## EXERCISE BRIEF
Exclude the pictures from your copy, and reproduce each entry below verbatim.
---
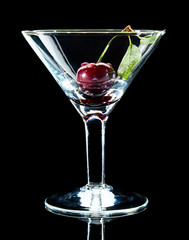 Sweet cherry with leaf in glass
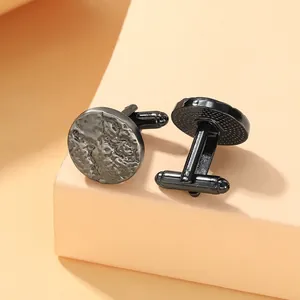 Gunmetal business cufflinks with irregular lava texture and bullet back closure
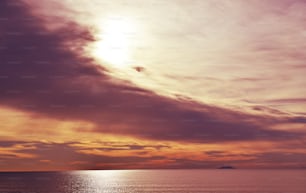 a plane flying over a body of water under a cloudy sky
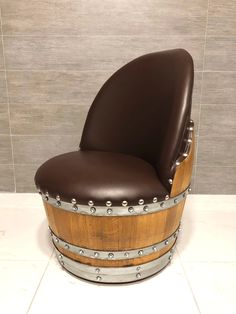 a wooden barrel chair sitting on top of a white tile floor next to a wall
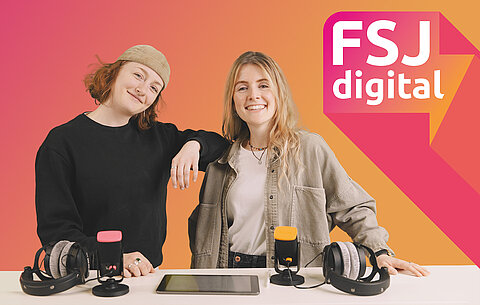 FSJ digital Zwei junge Frauen stehen lächelnd vor einem Tisch mit zwei Mikrofonen, Kopfhörern und einem Tablet.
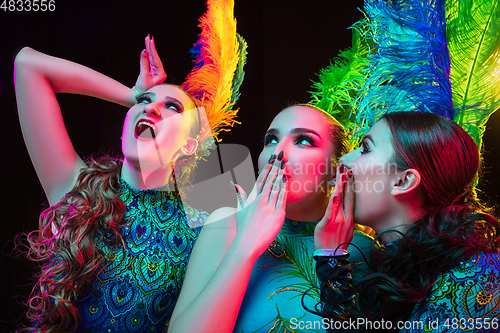 Image of Beautiful young women in carnival and masquerade costume in colorful neon lights on black background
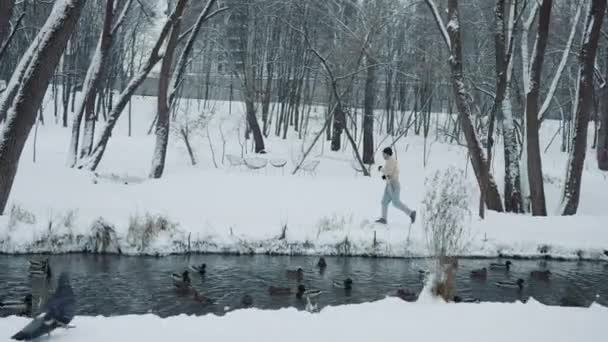 Man joggen langs de rivier in de winter — Stockvideo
---
## TASK SOLUTION
 Sweet cherry with leaf in glass
 Gunmetal business cufflinks with irregular lava texture and bullet back closure
 a plane flying over a body of water under a cloudy sky
 a wooden barrel chair sitting on top of a white tile floor next to a wall
 FSJ digital Zwei junge Frauen stehen lächelnd vor einem Tisch mit zwei Mikrofonen, Kopfhörern und einem Tablet.
 Image of Beautiful young women in carnival and masquerade costume in colorful neon lights on black background
 Man joggen langs de rivier in de winter — Stockvideo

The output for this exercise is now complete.